Strap Match – Drew McIntyre vs. Karrion Kross

One of Triple H’s more baffling rescue projects is Karrion Kross. During his NXT run, Kross became NXT champ but injured his shoulder during the title win, forcing him to vacate it immediately. Kross returned later to win the title again, during which time Vince brought him up to RAW, and had him lose to Jeff Hardy in 2 minutes in his debut. Now dressed as a masked gladiator and without his wife Scarlett, a huge part of his act, Kross died a death on RAW and laughed out of NXT by the fans, leading to his release.

The problem is that Kross isn’t that good in the ring and now he has grown his hair out, doesn’t look as threatening as he does when bald. Plus, Scarlett is the star of their act. But Trips sees something in him, thus brought him back with a big push going straight after Drew, and this match is two months in the making. Judging by the silence of the crowd, Kross just isn’t working and not even Drew’s popularity can generate any heat for this match.

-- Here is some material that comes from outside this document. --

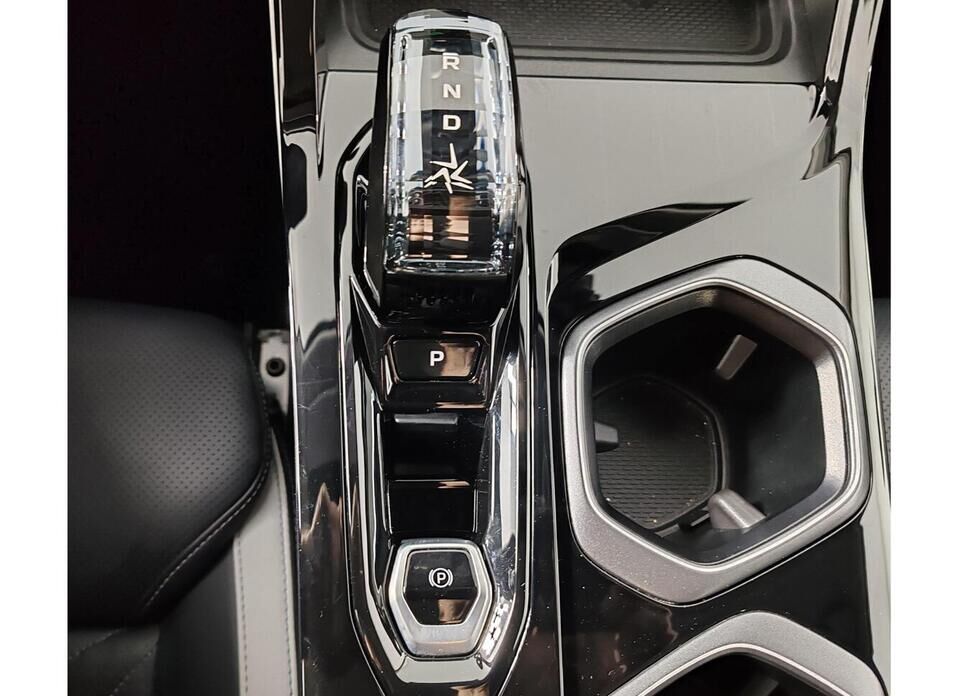 Geely Atlas 2.0 AT (200 л.с.) 4WD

Thankfully, the strap stipulation didn’t involve touching the corners to win, leaving this to draw its “drama” from both guys whipping the heck out of each other. Anyway, five stars for Scarlett’s outfit.

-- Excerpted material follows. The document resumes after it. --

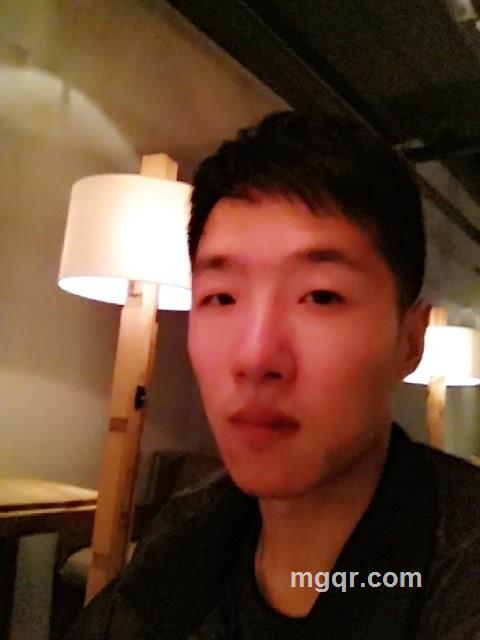 安静男生的头像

RAW Women’s Title Ladder Match – Bianca Belair vs. Bayley

The feud continues with Bayley getting her title shot as a result of pinning Bianca in their trios match at Clash At The Castle, and a stip was needed so it fit in with the theme of this PLE. The key here is that Belair’s usual running mates, Asuka and Alexa Bliss have been taken out by Damage CTRL leaving Bianca to fend for herself, but she is the champ so she’ll no doubt look strong here.

Ladder matches are becoming increasingly hard to be inventive with without relying on spots which are so dangerous and reckless that someone will actually die. Women’s ladder matches tend be a little safer, relying more on the creative side for the thrills but the challenge is, how do you do this without being too goofy? Well, this match had a bit of both, with some gnarly, uncomfortable bumps being taken by both women and story driven spots, which gave it plenty of heat. A very good effort though not a classic.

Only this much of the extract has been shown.